What you are asked to do | Where the records below show the word "switch" in a line, please copy that line.

Data |
----------
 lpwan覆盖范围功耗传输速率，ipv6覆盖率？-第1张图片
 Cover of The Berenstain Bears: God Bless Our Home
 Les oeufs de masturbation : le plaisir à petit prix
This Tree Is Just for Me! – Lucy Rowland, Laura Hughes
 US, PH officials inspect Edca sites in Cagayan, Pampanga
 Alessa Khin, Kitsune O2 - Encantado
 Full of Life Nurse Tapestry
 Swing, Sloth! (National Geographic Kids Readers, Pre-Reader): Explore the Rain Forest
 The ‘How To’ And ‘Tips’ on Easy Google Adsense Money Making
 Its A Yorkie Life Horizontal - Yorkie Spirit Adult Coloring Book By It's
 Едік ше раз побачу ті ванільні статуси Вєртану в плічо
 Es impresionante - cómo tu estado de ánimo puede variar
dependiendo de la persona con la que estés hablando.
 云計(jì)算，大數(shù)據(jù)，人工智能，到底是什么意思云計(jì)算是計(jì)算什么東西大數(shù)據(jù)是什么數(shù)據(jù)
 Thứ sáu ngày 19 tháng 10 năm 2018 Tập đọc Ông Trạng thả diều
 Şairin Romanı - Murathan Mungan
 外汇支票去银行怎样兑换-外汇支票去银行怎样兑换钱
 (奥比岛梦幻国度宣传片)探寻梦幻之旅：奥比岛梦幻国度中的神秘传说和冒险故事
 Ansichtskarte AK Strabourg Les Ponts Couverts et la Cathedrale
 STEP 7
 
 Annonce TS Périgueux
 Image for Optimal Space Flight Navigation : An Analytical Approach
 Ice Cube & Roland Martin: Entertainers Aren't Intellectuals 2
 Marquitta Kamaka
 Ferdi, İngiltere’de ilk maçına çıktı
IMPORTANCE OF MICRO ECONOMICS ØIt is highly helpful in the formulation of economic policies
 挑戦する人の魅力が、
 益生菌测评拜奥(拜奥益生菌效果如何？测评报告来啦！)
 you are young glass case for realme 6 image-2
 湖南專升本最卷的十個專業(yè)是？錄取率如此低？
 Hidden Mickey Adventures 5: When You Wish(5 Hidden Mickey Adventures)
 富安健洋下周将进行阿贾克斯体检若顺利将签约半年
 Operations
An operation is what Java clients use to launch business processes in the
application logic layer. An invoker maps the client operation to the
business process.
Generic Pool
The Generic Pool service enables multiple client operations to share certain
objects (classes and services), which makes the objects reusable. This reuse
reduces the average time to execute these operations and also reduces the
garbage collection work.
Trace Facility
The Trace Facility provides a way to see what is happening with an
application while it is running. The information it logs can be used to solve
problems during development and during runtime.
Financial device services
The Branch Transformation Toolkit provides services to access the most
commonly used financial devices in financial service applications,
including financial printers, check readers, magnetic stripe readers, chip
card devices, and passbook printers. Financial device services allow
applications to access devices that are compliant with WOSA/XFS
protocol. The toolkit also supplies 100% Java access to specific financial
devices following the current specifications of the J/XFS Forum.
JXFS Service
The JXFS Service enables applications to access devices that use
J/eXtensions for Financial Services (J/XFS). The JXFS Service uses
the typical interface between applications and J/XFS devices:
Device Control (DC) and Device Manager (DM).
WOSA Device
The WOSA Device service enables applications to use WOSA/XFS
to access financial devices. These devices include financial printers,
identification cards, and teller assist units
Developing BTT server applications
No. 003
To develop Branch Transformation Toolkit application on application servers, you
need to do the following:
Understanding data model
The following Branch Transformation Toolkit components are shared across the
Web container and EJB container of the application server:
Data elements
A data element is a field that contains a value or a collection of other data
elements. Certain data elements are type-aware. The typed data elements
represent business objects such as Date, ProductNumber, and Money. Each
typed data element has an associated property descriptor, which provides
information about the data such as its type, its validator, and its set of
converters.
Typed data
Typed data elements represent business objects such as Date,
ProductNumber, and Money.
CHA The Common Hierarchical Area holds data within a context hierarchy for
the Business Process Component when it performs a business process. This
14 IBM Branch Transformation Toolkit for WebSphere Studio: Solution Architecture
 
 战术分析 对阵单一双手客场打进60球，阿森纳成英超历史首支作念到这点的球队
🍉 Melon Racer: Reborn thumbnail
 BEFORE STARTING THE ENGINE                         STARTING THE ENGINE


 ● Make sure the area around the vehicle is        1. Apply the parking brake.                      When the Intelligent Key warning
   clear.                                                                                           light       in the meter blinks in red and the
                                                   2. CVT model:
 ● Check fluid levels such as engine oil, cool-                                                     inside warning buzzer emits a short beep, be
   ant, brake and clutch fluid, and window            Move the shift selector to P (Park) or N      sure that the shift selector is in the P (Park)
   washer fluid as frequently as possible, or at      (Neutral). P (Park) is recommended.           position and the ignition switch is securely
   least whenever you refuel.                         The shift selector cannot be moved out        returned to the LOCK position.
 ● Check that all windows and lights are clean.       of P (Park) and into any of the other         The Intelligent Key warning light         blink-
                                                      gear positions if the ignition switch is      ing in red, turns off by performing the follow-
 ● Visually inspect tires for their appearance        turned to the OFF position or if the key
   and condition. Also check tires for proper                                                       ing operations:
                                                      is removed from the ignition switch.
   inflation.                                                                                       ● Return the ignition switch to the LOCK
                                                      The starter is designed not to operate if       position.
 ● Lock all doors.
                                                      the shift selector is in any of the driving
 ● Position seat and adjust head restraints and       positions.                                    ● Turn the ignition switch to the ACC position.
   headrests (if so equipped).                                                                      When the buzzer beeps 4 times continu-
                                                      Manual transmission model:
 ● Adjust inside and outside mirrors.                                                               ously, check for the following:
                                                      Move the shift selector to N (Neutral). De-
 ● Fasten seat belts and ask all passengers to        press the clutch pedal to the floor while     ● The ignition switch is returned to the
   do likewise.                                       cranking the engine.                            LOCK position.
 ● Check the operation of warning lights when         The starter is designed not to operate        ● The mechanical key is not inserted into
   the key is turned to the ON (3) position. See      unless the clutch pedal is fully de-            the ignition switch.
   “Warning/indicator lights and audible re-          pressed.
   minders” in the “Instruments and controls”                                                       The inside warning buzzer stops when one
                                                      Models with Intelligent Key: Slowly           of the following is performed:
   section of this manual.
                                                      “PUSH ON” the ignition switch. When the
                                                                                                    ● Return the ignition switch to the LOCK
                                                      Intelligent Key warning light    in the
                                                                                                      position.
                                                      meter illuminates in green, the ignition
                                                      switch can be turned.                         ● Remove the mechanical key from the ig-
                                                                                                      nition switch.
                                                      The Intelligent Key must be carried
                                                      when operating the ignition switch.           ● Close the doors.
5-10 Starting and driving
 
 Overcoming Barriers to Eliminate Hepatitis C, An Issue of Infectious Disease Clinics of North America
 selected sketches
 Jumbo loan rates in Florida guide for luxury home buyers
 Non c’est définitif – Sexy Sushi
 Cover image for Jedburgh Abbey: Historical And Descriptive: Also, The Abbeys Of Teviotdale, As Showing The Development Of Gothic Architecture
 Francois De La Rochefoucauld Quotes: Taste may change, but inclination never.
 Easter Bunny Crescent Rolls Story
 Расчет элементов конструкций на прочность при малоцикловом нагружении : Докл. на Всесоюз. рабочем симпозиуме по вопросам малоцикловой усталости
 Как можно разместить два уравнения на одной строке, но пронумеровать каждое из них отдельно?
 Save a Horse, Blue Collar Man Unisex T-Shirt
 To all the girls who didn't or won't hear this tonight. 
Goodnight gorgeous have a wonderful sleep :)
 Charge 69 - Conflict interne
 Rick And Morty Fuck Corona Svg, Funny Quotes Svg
----------
The completed task |
   washer fluid as frequently as possible, or at      (Neutral). P (Park) is recommended.           position and the ignition switch is securely
                                                      gear positions if the ignition switch is      ing in red, turns off by performing the follow-
                                                      is removed from the ignition switch.
   inflation.                                                                                       ● Return the ignition switch to the LOCK
 ● Position seat and adjust head restraints and       positions.                                    ● Turn the ignition switch to the ACC position.
 ● Fasten seat belts and ask all passengers to        press the clutch pedal to the floor while     ● The ignition switch is returned to the
   the key is turned to the ON (3) position. See      unless the clutch pedal is fully de-            the ignition switch.
                                                      “PUSH ON” the ignition switch. When the
                                                                                                    ● Return the ignition switch to the LOCK
                                                      switch can be turned.                         ● Remove the mechanical key from the ig-
                                                                                                      nition switch.
                                                      when operating the ignition switch.           ● Close the doors.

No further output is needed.